> Task prompt
Set out exactly every line of the entries below, starting at the line that holds "Hestra Windstopper Race Tracker 3-Finger" and stopping after the line that holds "X (Twitter) adult video hfy8jkqhdr3aix1n".

> Information
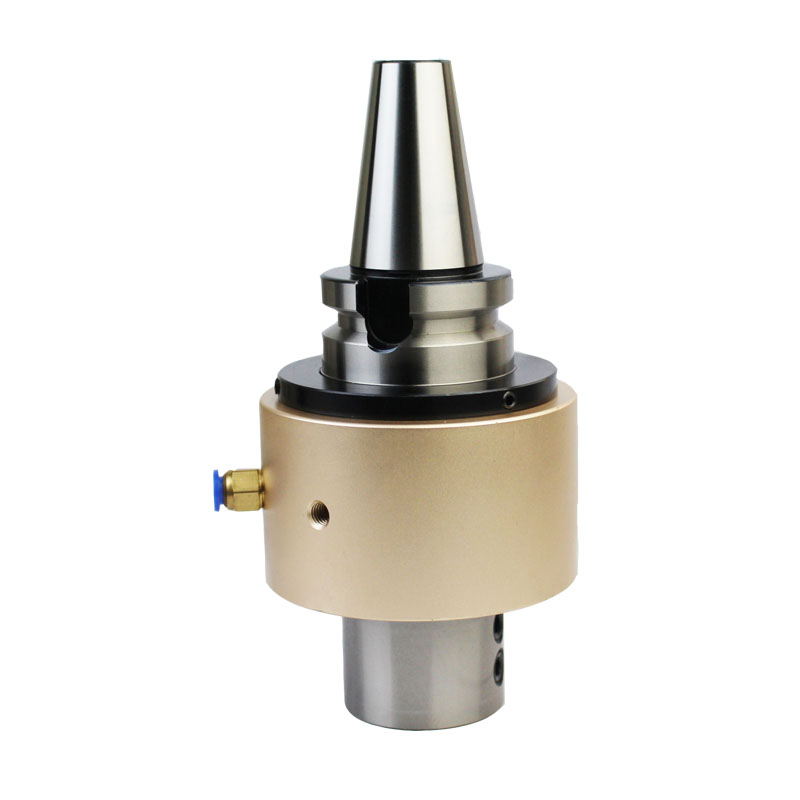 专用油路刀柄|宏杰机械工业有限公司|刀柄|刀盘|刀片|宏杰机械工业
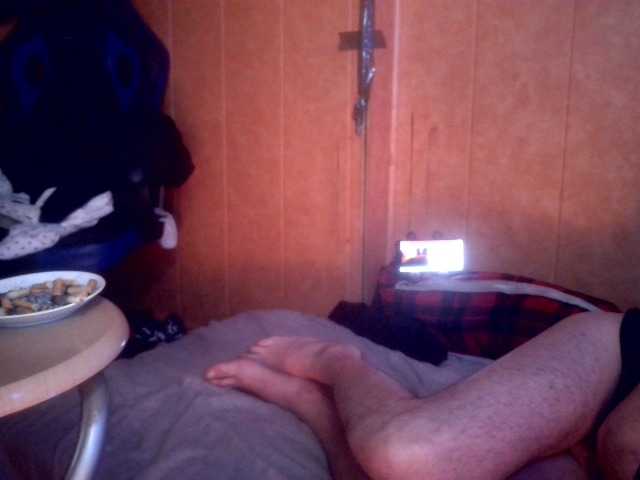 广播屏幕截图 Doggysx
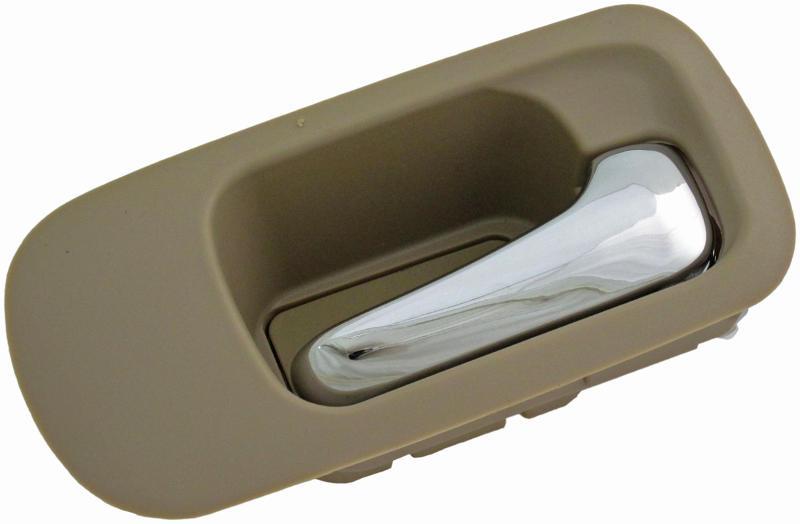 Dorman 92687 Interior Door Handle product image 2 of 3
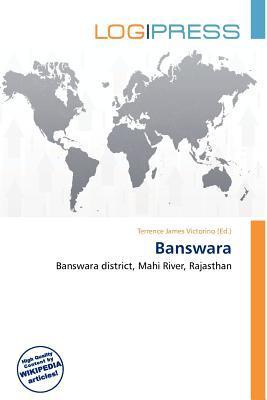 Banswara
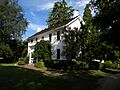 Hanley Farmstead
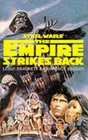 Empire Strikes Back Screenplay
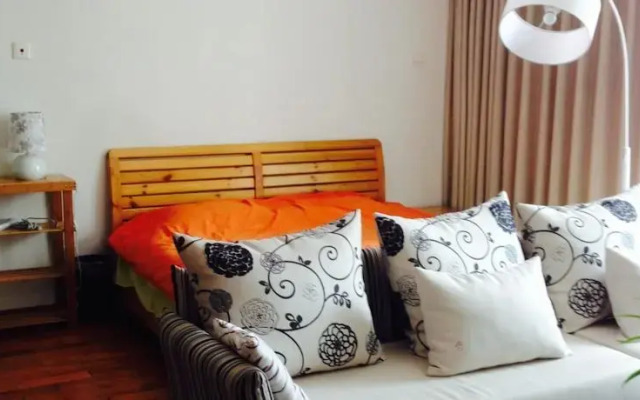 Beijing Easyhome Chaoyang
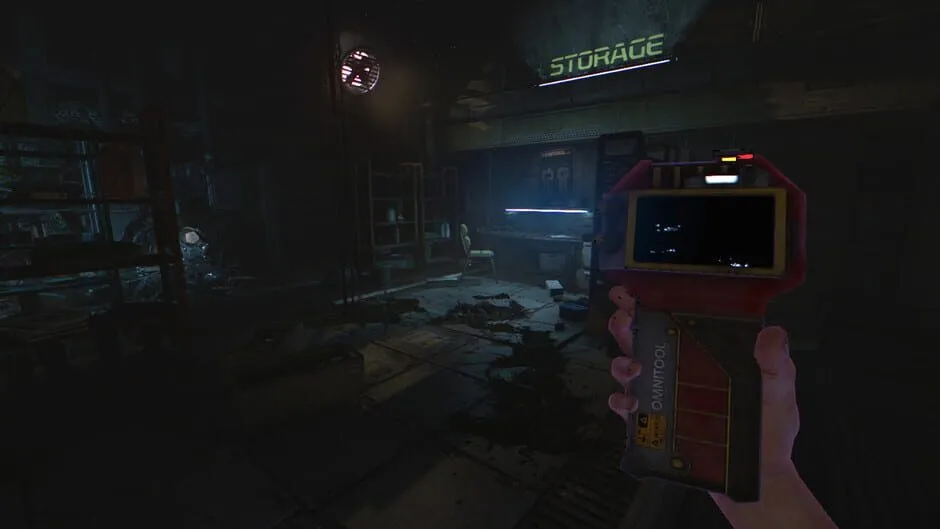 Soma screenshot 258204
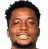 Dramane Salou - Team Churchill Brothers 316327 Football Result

--

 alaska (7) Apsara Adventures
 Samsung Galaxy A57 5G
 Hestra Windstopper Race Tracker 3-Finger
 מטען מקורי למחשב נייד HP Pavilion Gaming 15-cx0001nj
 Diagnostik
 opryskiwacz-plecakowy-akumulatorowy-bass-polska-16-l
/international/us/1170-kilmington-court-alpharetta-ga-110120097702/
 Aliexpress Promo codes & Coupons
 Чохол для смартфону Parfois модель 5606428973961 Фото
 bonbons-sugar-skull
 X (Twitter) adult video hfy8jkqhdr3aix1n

> Exercise solution
 Hestra Windstopper Race Tracker 3-Finger
 מטען מקורי למחשב נייד HP Pavilion Gaming 15-cx0001nj
 Diagnostik
 opryskiwacz-plecakowy-akumulatorowy-bass-polska-16-l
/international/us/1170-kilmington-court-alpharetta-ga-110120097702/
 Aliexpress Promo codes & Coupons
 Чохол для смартфону Parfois модель 5606428973961 Фото
 bonbons-sugar-skull
 X (Twitter) adult video hfy8jkqhdr3aix1n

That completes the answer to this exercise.